:: Exercise requirements ::
Would you please return only the lines from the one with "Resale - Villa" through the last line of the records below, leaving the pictures out?

:: Material shown ::
┌──

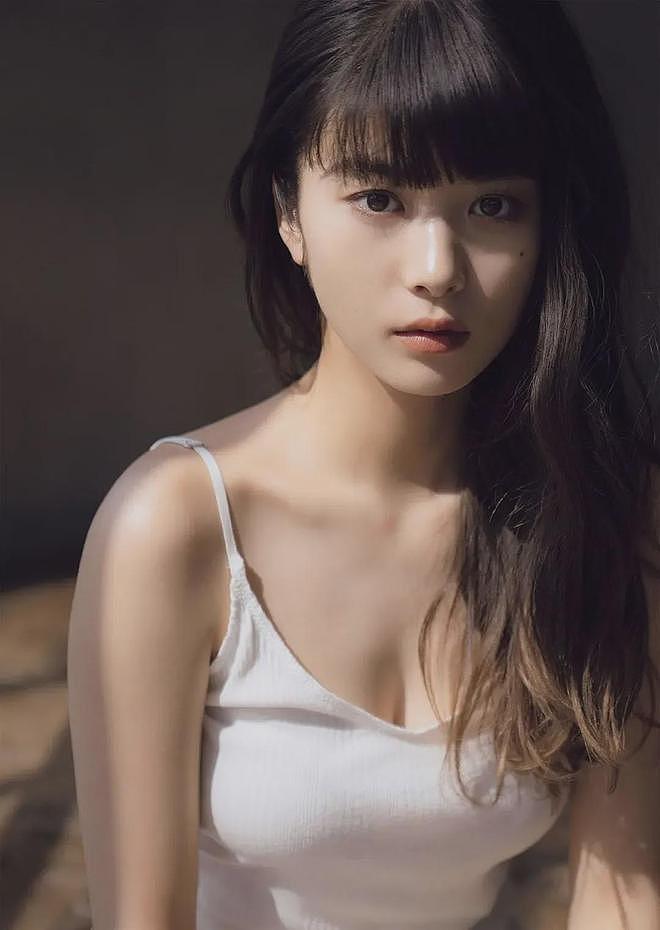 【美女】32E超模身材无法抵挡，艳如桃李，美得让人怦然心动（组图） - 9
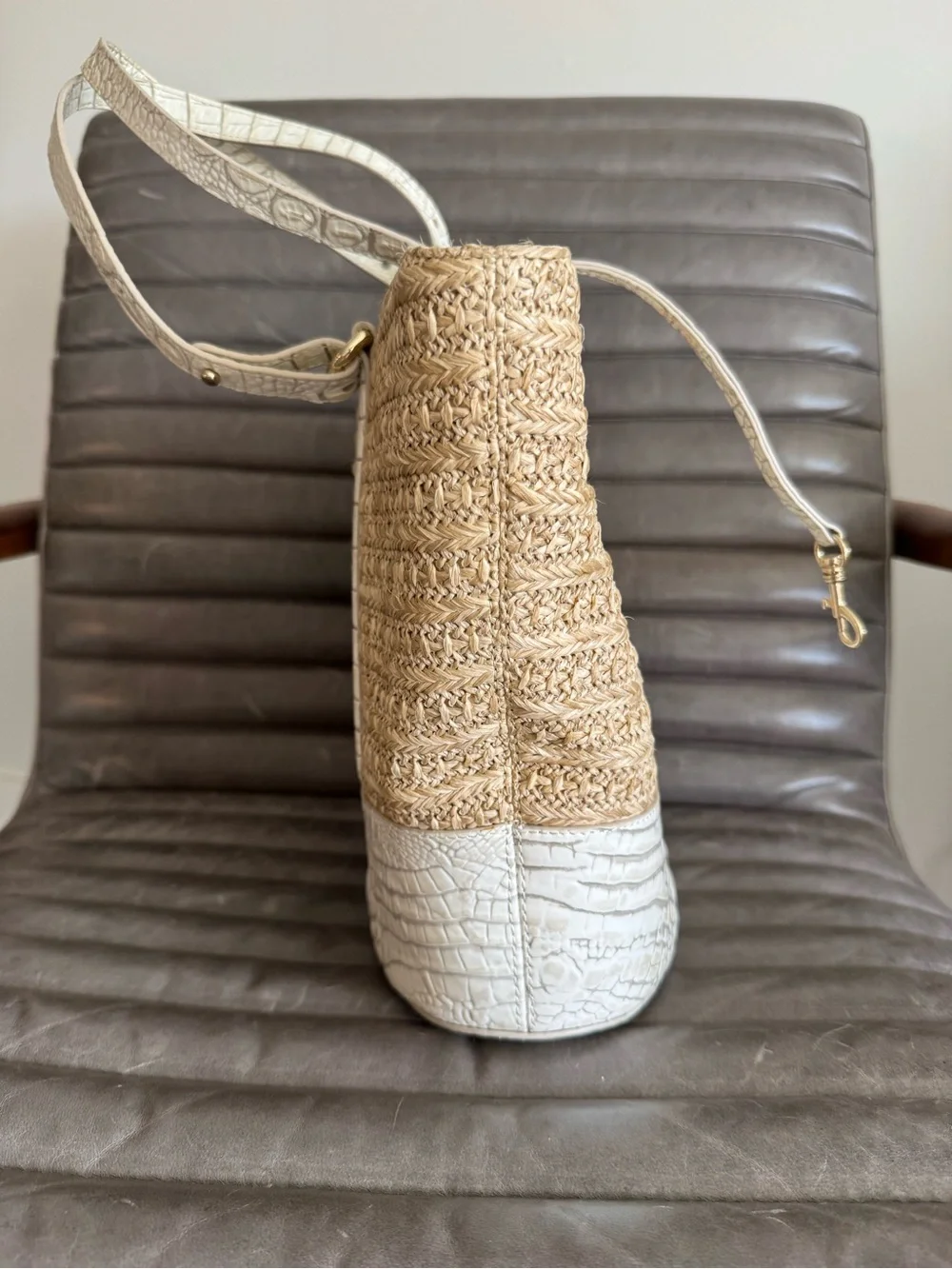 Brahmin Asher straw/white leather  shoulder bag.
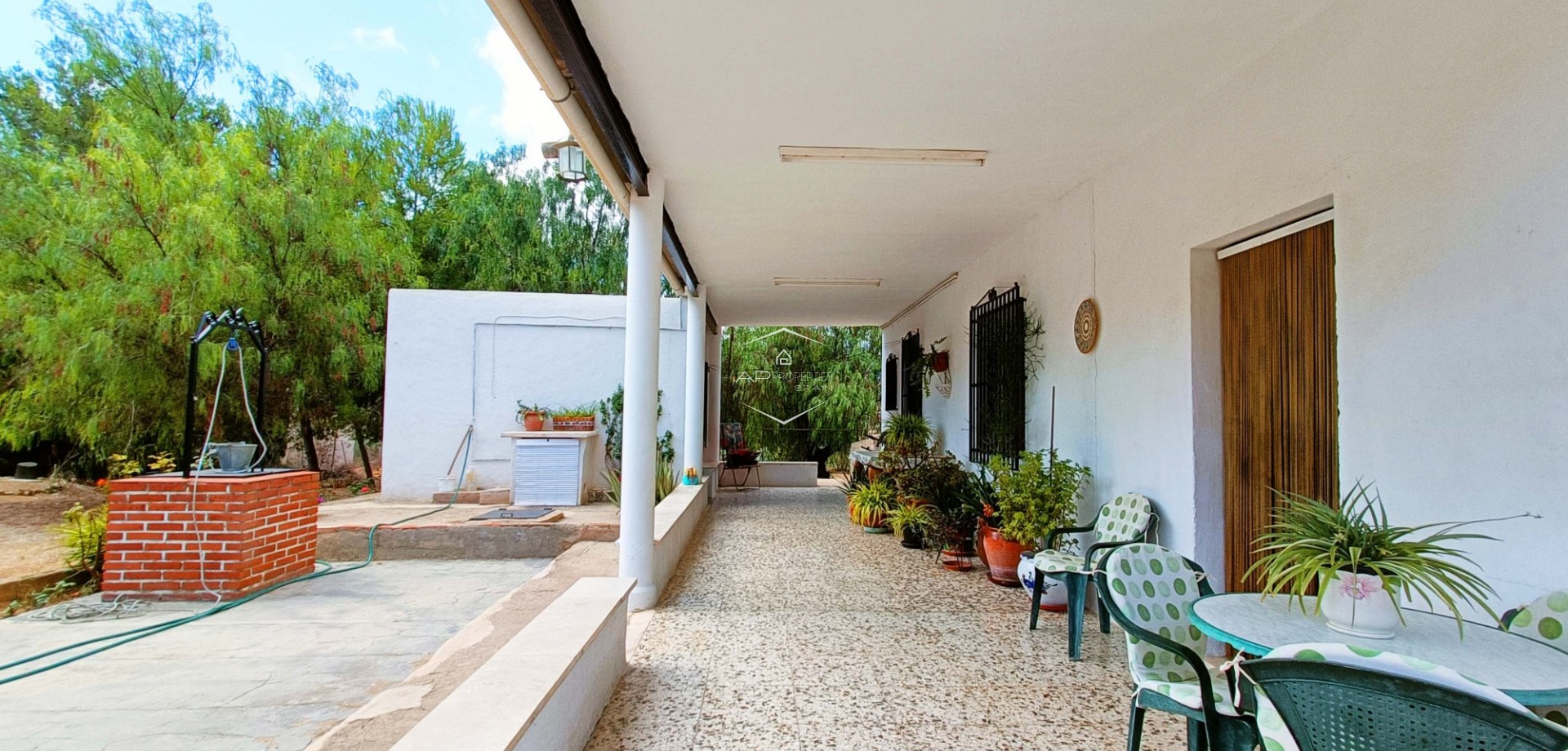 Resale - Villa / Detached -
Hondón de las Nieves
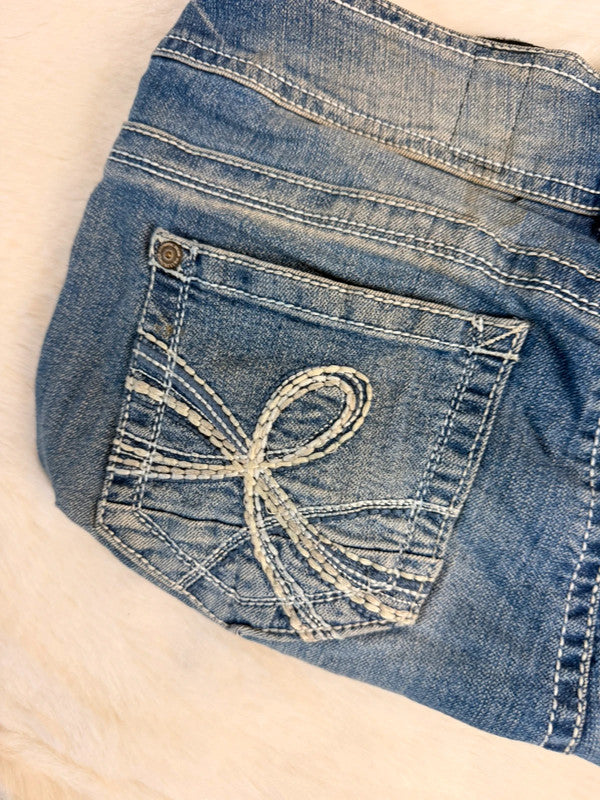 Sac à main en jean design unique fait main upcyclé retravaillé taille unique n•940
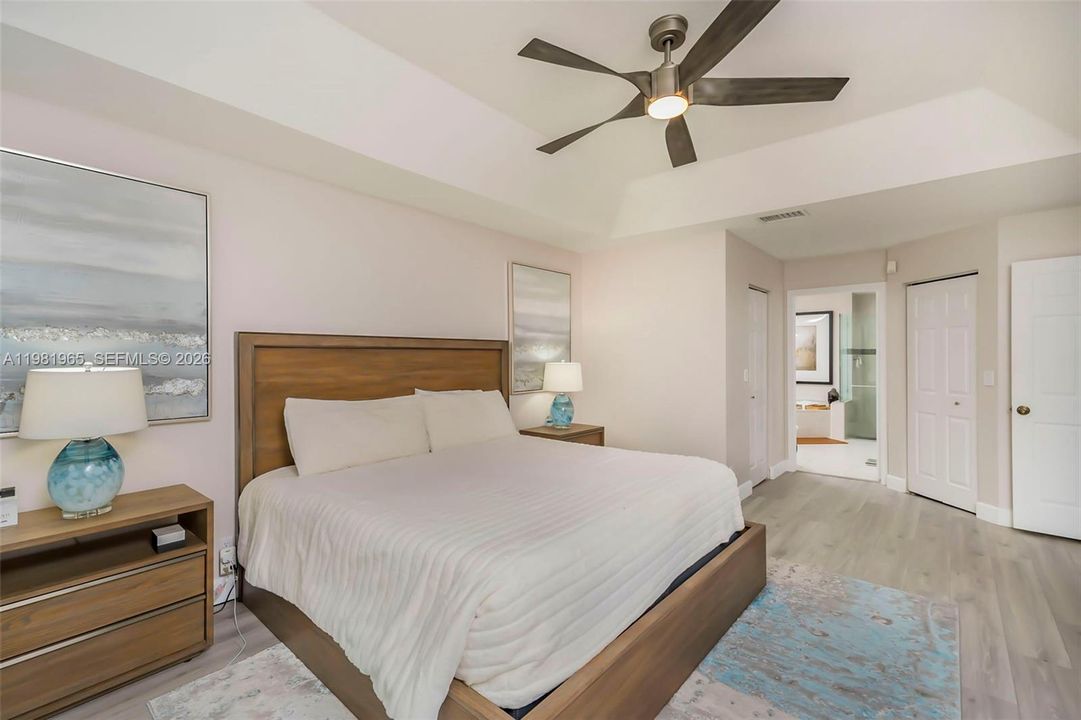 For Sale: $750,000 (3 beds, 2 baths, 1927 Square Feet)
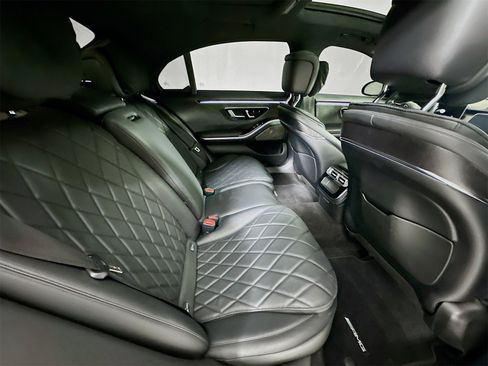 Used 2021 Mercedes-Benz S 580 4MATIC Sedan w/ AMG Line image 29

└──

:: Result of this task ::
 Resale - Villa / Detached -
Hondón de las Nieves
 Sac à main en jean design unique fait main upcyclé retravaillé taille unique n•940
 For Sale: $750,000 (3 beds, 2 baths, 1927 Square Feet)
 Used 2021 Mercedes-Benz S 580 4MATIC Sedan w/ AMG Line image 29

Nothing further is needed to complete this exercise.